Wash, dry, and peel the apples. Discard the peel and core. Roughly chop into 1-inch pieces.
Add to a medium pot with 1½ cups water.
Set over medium heat and bring to a simmer and cover. Cook, stirring occasionally, for about 20 minutes, or until the apples are breaking down and soft. (If the mixture is rapidly boiling, turn the heat down to medium-low.)
Stir in the cinnamon and lemon juice if using. Turn off heat.
Mash with a potato masher or with the back of a wooden spoon.

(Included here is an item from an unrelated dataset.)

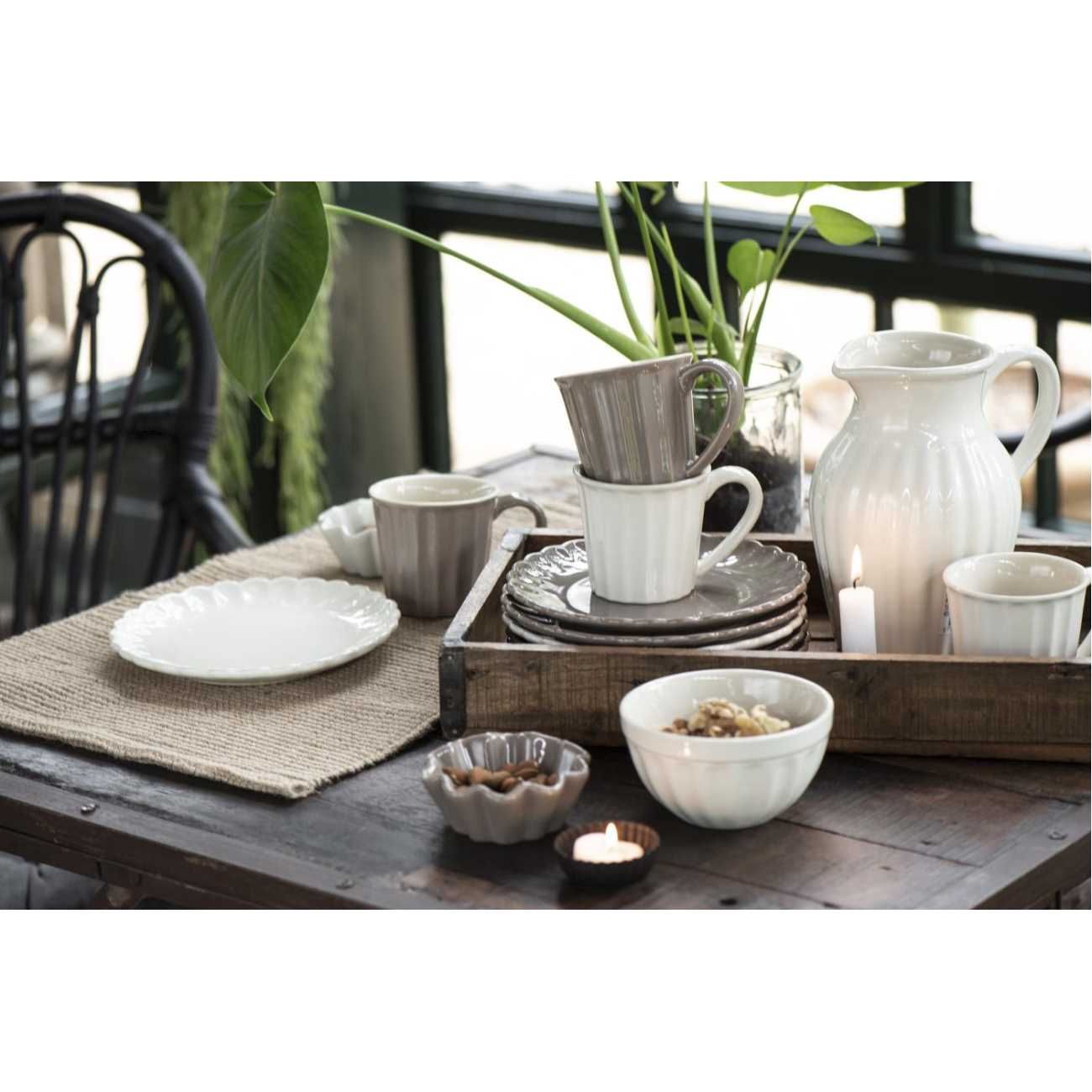 Tasse, Becher MYNTE Butter Cream cremeweiß für 250ml Steingut Ib von LAURSEN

Or, let cool slightly and puree with an immersion blender or transfer to a blender to blend very smooth. (If using a regular blender, allow some steam to escape as you blend to avoid an explosion.)
Serve or store.
Cinnamon Applesauce: Add 1 teaspoon cinnamon to the applesauce.
Strawberry Applesauce: Replace 1 cup of apples with 1 cup of strawberries and prepare the recipe as directed.

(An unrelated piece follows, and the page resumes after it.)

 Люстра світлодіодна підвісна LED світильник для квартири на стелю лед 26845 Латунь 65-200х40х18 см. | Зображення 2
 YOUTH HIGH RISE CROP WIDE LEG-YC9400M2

Peach Applesauce: Replace 1 cup of apples with 1 cup of peaches and prepare the recipe as directed.
Vanilla Applesauce: Add 1 teaspoon vanilla extract to the finished applesauce.
Maple Applesauce: Add 2-4 tablespoons maple syrup to the finished applesauce.
Store in an airtight container in the fridge for up to two weeks or in the freezer, once fully cooled, in a freezer-safe container or in an ice cube tray or reusable pouches. Let thaw in the fridge before serving.
Use apples that taste good fresh for the best flavor.
Add a squeeze of fresh lemon juice for brighter flavor.
You can mix apple types, just know they may not cook at exactly the same rate. (So you may need to cook a little longer.)
Stir a few times during cooking to help the apples cook evenly.
If the applesauce is boiling rapidly when the pot is covered, turn down the heat slightly. You want it to simmer to avoid it cooking too quickly or burning.